Rommel: The Campaign for North Africa
- Game components
- Designers: Loren Sperry
- Publishers: Self-published
- Publication: 1973
- Genres: North African campaign World War II

= Rommel: The Campaign for North Africa =

Board wargame

Rommel: The Campaign for North Africa is a board wargame self-published by designer Loren Sperry in 1973 that simulates the North African Campaign during World War II.

==Description==
Rommel is a two-player wargame in which one player takes the role of Axis forces, and the other controls Allied forces.

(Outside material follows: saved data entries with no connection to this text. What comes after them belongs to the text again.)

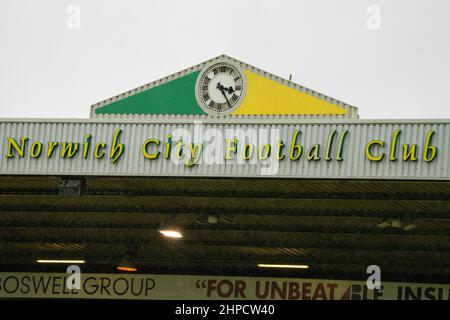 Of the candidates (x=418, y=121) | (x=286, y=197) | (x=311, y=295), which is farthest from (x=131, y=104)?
(x=418, y=121)

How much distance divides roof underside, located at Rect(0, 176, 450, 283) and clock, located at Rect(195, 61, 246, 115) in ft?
37.0

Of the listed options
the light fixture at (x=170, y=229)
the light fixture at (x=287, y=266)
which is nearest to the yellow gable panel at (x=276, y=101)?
the light fixture at (x=287, y=266)

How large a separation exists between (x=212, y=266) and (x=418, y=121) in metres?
10.2

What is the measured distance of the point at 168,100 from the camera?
114 ft

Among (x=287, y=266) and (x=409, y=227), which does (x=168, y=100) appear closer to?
(x=287, y=266)

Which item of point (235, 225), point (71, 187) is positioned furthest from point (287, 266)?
point (71, 187)

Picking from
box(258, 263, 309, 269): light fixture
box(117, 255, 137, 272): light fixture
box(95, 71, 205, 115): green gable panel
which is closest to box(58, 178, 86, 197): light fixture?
box(117, 255, 137, 272): light fixture

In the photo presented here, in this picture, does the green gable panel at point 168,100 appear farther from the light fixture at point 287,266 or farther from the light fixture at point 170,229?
the light fixture at point 170,229

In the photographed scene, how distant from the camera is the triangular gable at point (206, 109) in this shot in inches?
1284

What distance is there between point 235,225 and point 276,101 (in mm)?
12977

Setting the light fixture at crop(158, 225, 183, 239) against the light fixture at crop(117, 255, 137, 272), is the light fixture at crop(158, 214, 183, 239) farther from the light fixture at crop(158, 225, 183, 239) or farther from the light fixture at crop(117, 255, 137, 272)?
the light fixture at crop(117, 255, 137, 272)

The game starts with the British offensive in North Africa against the numerically superior Italian army in September 1940, and lasts until December 1942. The entire campaign takes 80 turns, about 15–25 hours of gameplay. The game includes four shorter scenarios that can be completed in a few hours.

The game comes with a 22" x 34" paper map of North Africa from El Agheila to El Alamein, an 8-page rulebook, and a cardstock sheet of 252 counters.

===Gameplay===
The game uses a standard "I Go, You Go" system, where one player moves and attacks, followed by the other player. Each turn represents three weeks of game time. Optional rules cover minefields, fortifications and reconnaissance units.

==Supply==
In an innovation for board wargames, supply plays an important part of the game: all units must be within 5 hexes of a supply unit in order to move and attack, and supply is used up by combat.

==Publication history==
In 1973, Loren Sperry created Rommel and self-published it. Although critics found the game featured some innovations, notably the supply rules, critics and players were not pleased with the less-than-professional production values of the map and counters. In a 1976 poll conducted by Simulations Publications Inc. to determine the most popular board wargames in North America, Rommel only placed 186th out of 202 games. Critic Nicky Palmer ascribed this to "the semi-amateur flavour given the game by its unmounted board and pieces."

==Reception==
In Issue 23 of Moves, game designer Richard Berg found the production values of the components unprofessional, writing, "Rand's Rommel, although not strictly speaking an amateur production, earns all the derogative [sic] connotations of that word." Berg also found the game suffered from ambiguous and poorly written rules, saying, "What could have been quite a good game with some nice innovations in the supply and reserve areas suffers from a severe case of obfuscation, and Rommel consequently carries all the impact of last week's eggplant."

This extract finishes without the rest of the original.